What's In a Drop of Dew

“There is more glory in a drop of dew,
That shineth only for an hour,
Than there is in the pomp of earth’s great Kings
Within the noonday of their power.”
— Alexander Posey

If you follow my morning walk series, you may have noticed a slight obsession with water droplets clinging to petals and leaves. The number of them I passed before noticing the first one (at the end of this post) has to be approaching infinity. But once I saw the way in which they hold the light — not tightly as we do with our treasures, but in a way that softens it while simultaneously adding to its brilliance — I couldn’t stop myself photographing them. A dam within me burst.

Fire Sale no. 15 (burned)

Fire Sale no. 24 (saved)

Fire Sale no. 25 (burned)

Fire Sale no. 27 (available 8/19)

There are (or, were before the burning began) 16 dew drop images included in Fire Sale, nearly 1 in 5 images from the collection have as their subject this majesty “that shineth only for an hour,” and yet is more glorious than “the pomp of earth’s great kings within the noonday of their power.”
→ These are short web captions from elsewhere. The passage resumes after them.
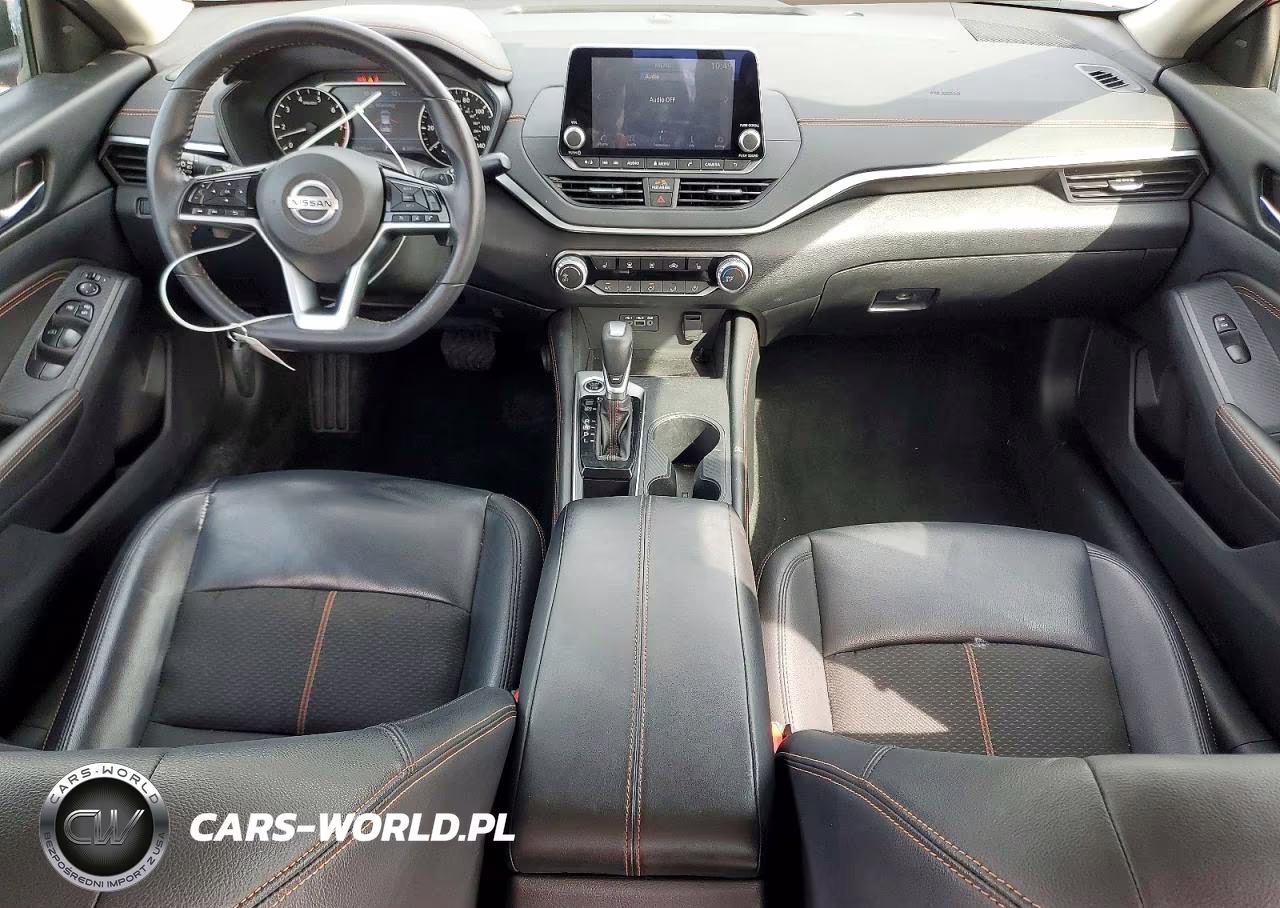 2020 Nissan Altima 2.5 Sr VIN:1N4BL4CV7LC282967 - 8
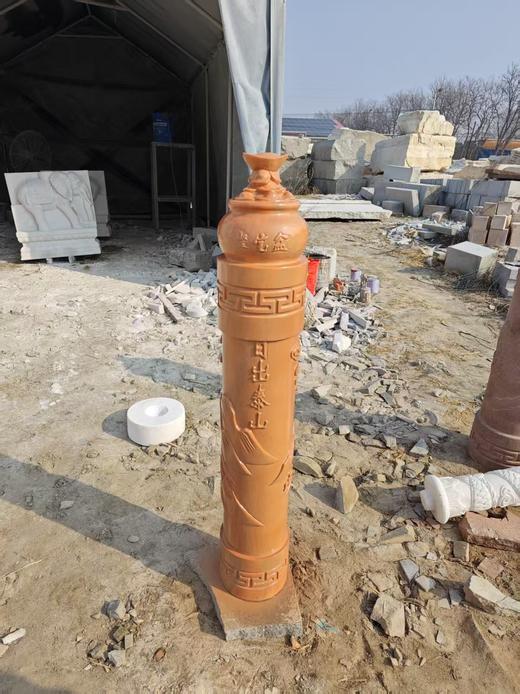 国风石柱 商品图3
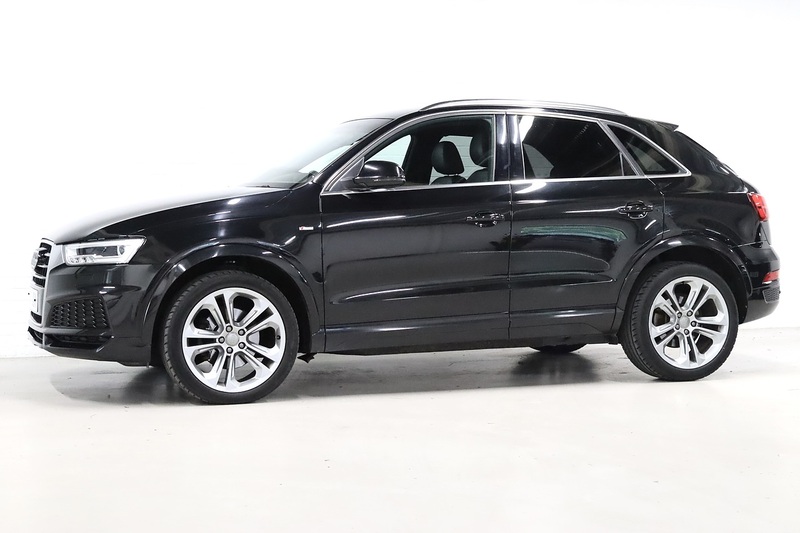Audi 2.0 TDI S line Edition SUV 5dr Diesel S Tronic quattro Euro 6 (s/s) (184 ps)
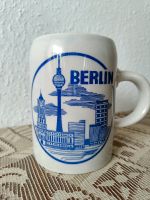 Alter DDR Steinkrug Krug Colditz Made in GDR "Berlin" Fernsehturm Hessen - Kriftel Vorschau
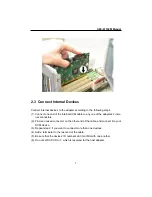 Предварительный просмотр 7 страницы Acard AEC-67162M User Manual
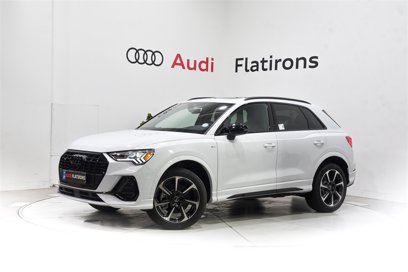 New 2025 Audi Q3 2.0T Premium Plus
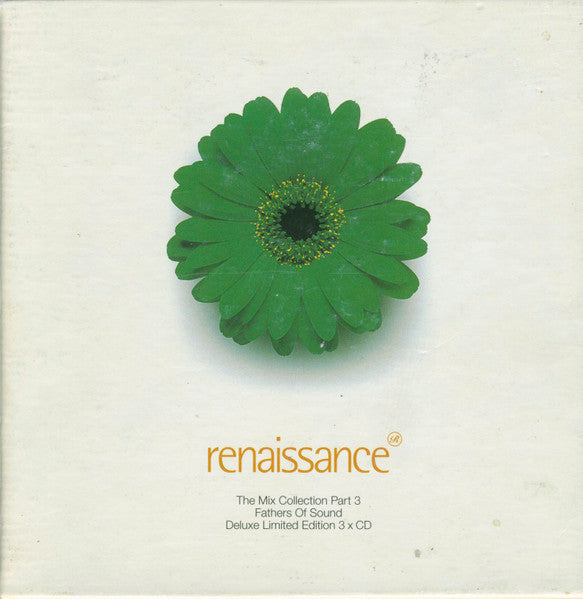 Fathers Of Sound : Renaissance: The Mix Collection Part 3 (3xCD, Ltd, Mixed, Gre)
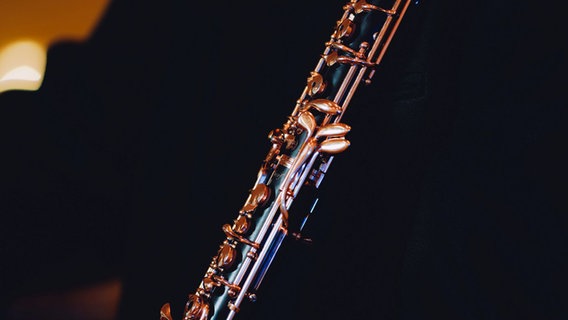 Eine Oboe © Jewgeni Roppel Foto: Jewgeni Roppel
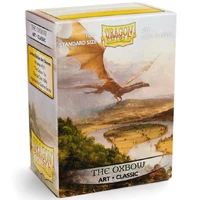 Dragon Shield Standard 100ct The Oxbow 63x88mm Art Sleeves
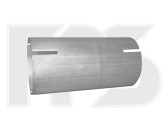 Труба вихлопної системи (D = 43 MM)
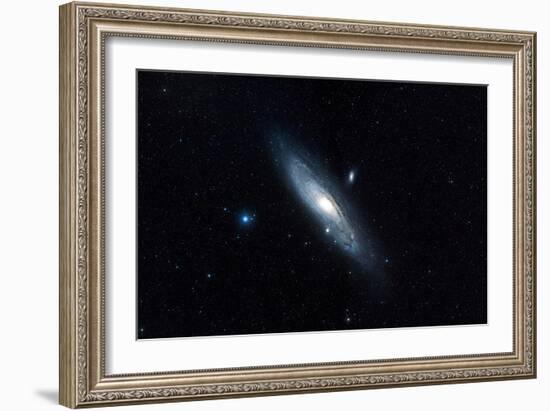 Andromeda Galaxy (M31)-Davide De Martin-Framed Photographic Print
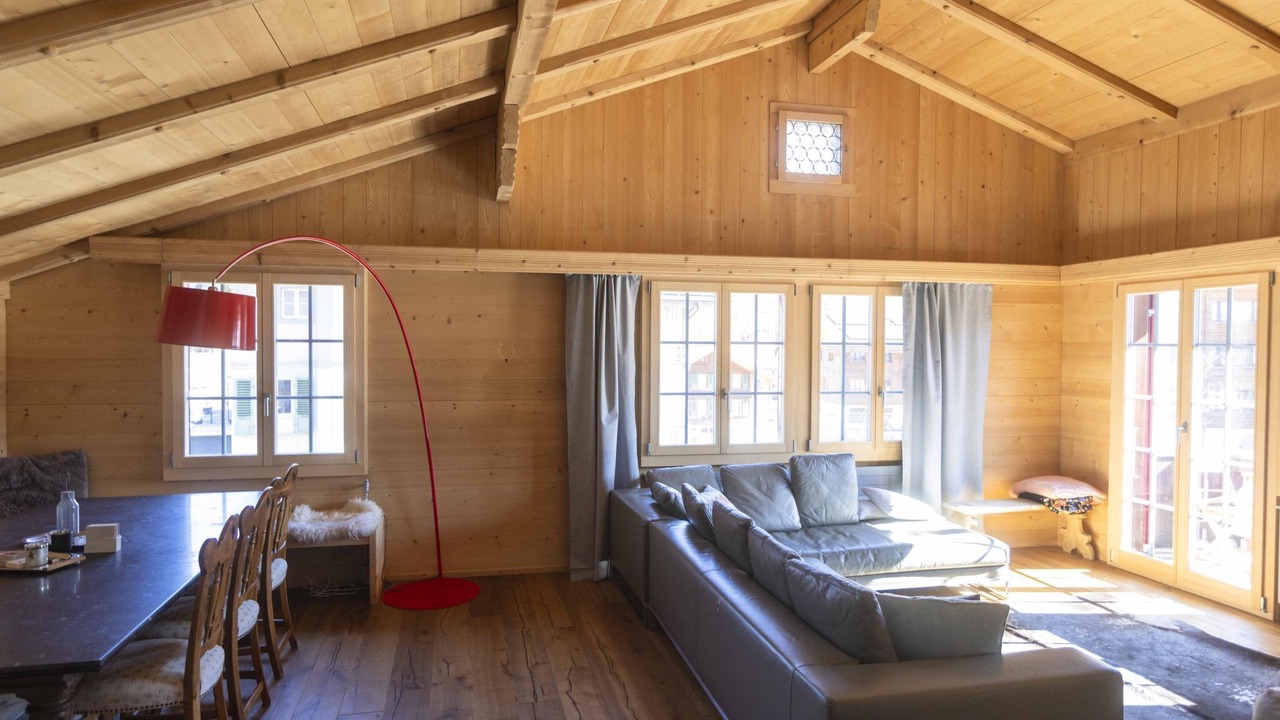 Photo of Livingroom in Zweisimmen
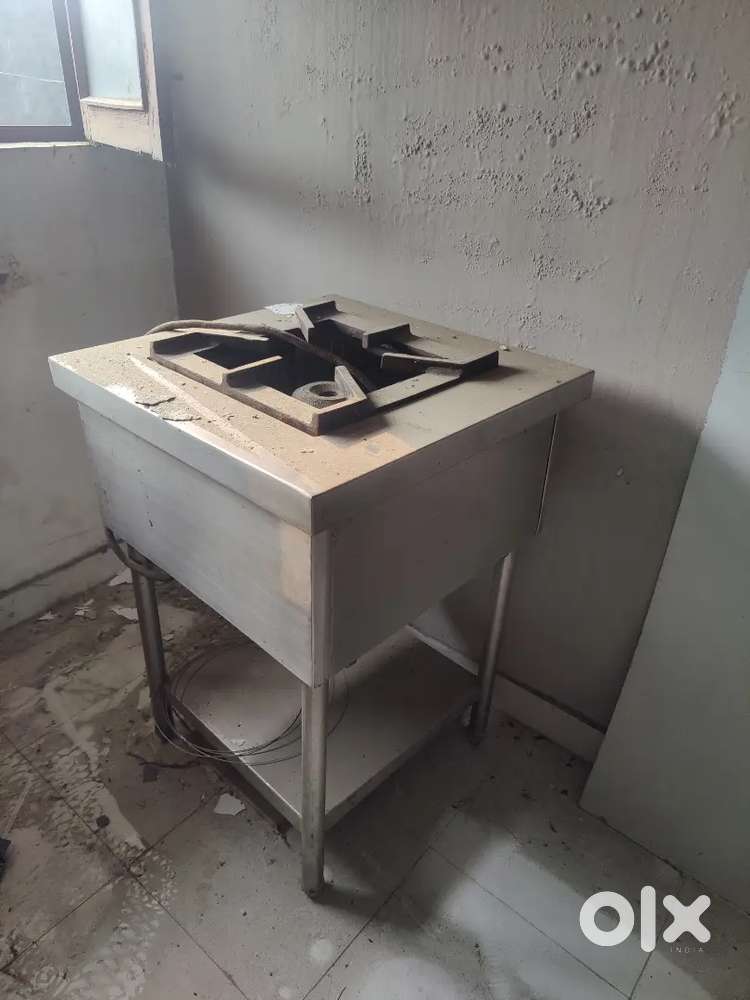 Commercial Burner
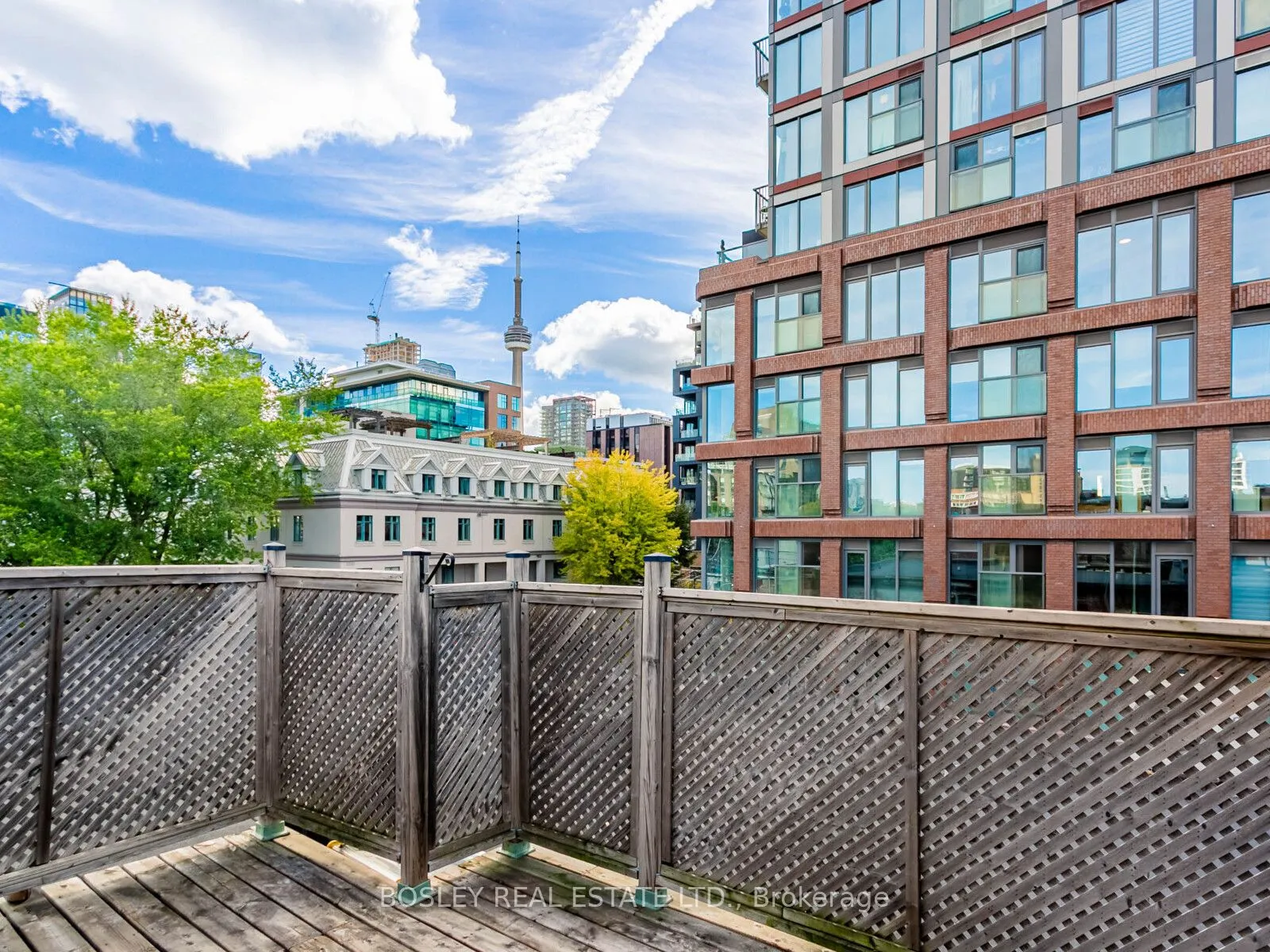 543 Queen Street W, #3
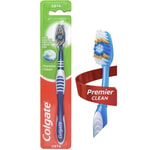 Colgate Premier Clean Diş Fırçası Orta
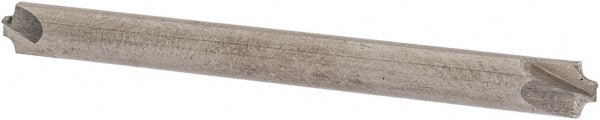 ProMax 137-00860 Corner Rounding End Mill: 0.035" Radius, 1/8" Diam, 2 Flutes, Solid Carbide 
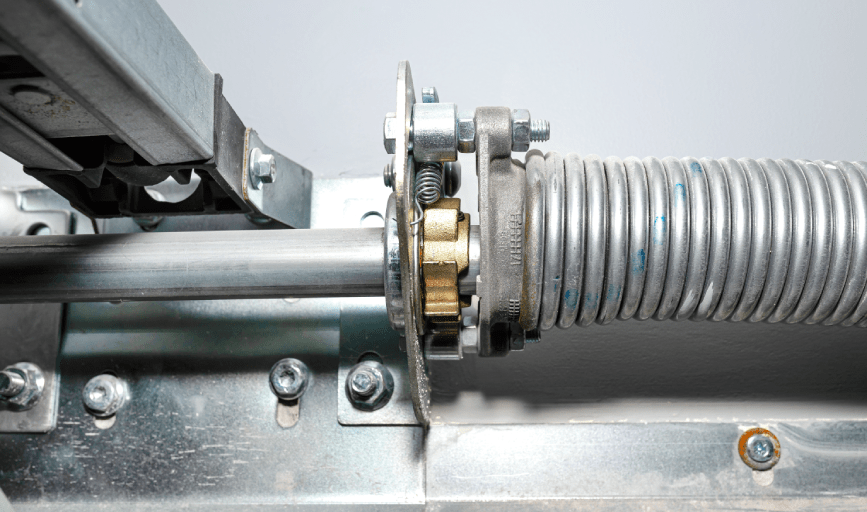 GARAGE SPRING REPAIR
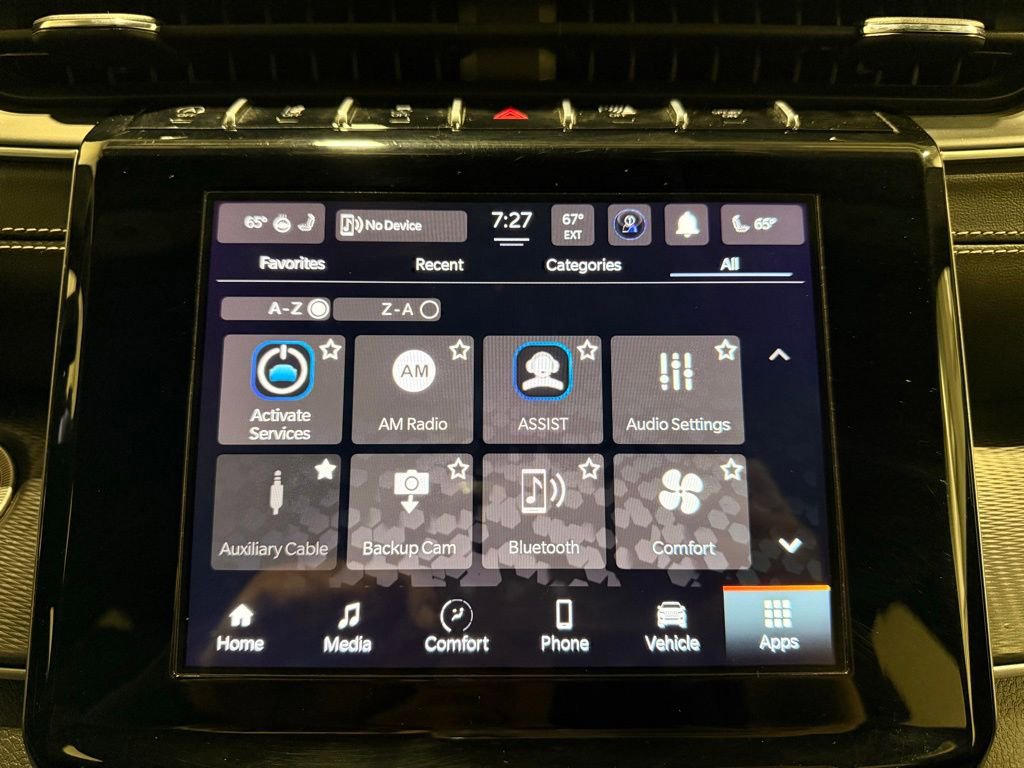 Used 2024 Jeep Grand Cherokee L Laredo image 22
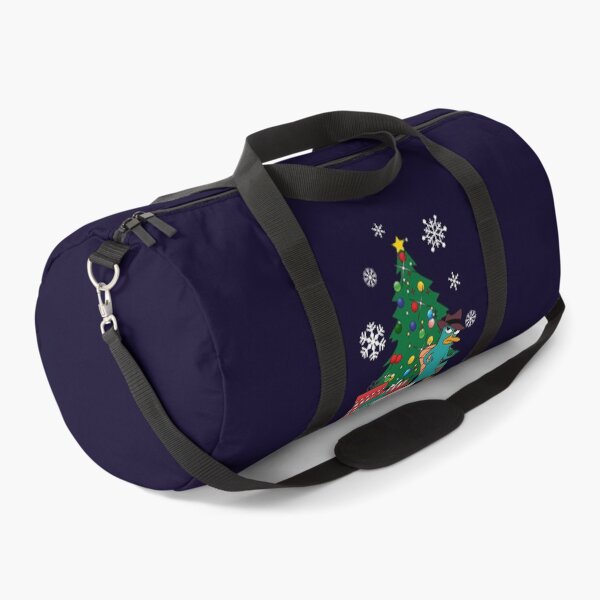 Item preview, Perry The Platypus Around The Christmas Tree designed and sold by Nova5.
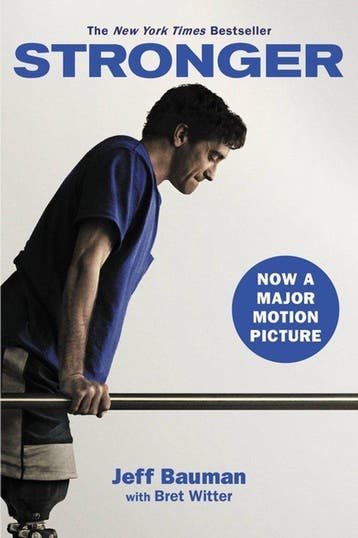 Stronger 9781478920397 Jeff Bauman, Verzenden, Gelezen, Jeff Bauman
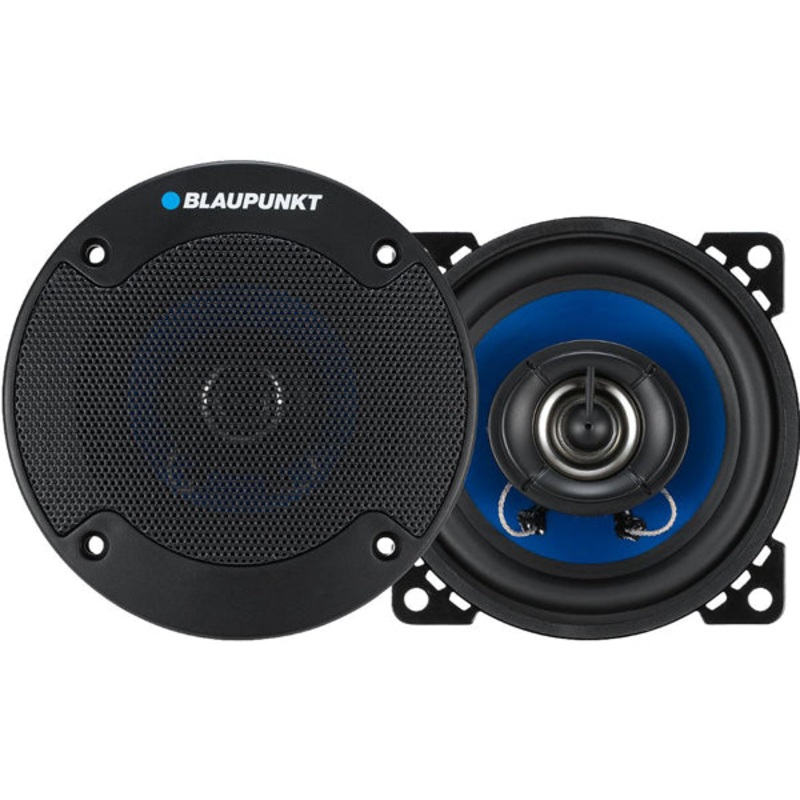 Blaupunkt Fahrzeug Lautsprecher GT Icx 402 100mm 180Watt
Just recently, I came across the Alexander Posey poem from which come these words, well into the one-a-day exhibition phase of Fire Sale. But, on hearing it for the first time, I felt I’d found some kindred spirit speaking in these 113 year old words. Quite naturally, I went in search of him.

ALEXANDER POSEY, THE CREEK INDIAN POET

If his words were not enough to pique my interest (they were), his heritage would certainly have pulled me nearer. Posey, born in Mcintosh County, Oklahoma, was Muskogee Creek — as are my wife and children. So, it seems I arrived at the poem with a kind of profound understanding.

Through my father-in-law’s side, you can draw a direct line from my kids to Chief William McIntosh, one of the eight tribal leaders who signed The Treaty of Indian Springs which led to the Trail of Tears. For the role he played in that ill-fated treaty, William was murdered by his people, having ceded all remaining Creek lands in Georgia, along with about 3-million acres in Alabama to the U.S. Government. Tears born of tyranny stain the cloth of everything we, today, would call liberty.

It was with this sense of history, Alexander Posey penned these words, and by the gift of marriage that I heard them:

The Dew and The Bird

There is more glory in a drop of dew,
That shineth only for an hour,
Than there is in the pomp of earth’s great Kings
Within the noonday of their power.

There is more sweetness in a single strain
That falleth from a wild bird’s throat,
At random in the lonely forest’s depths,
Than there’s in all the songs that bards e’er wrote.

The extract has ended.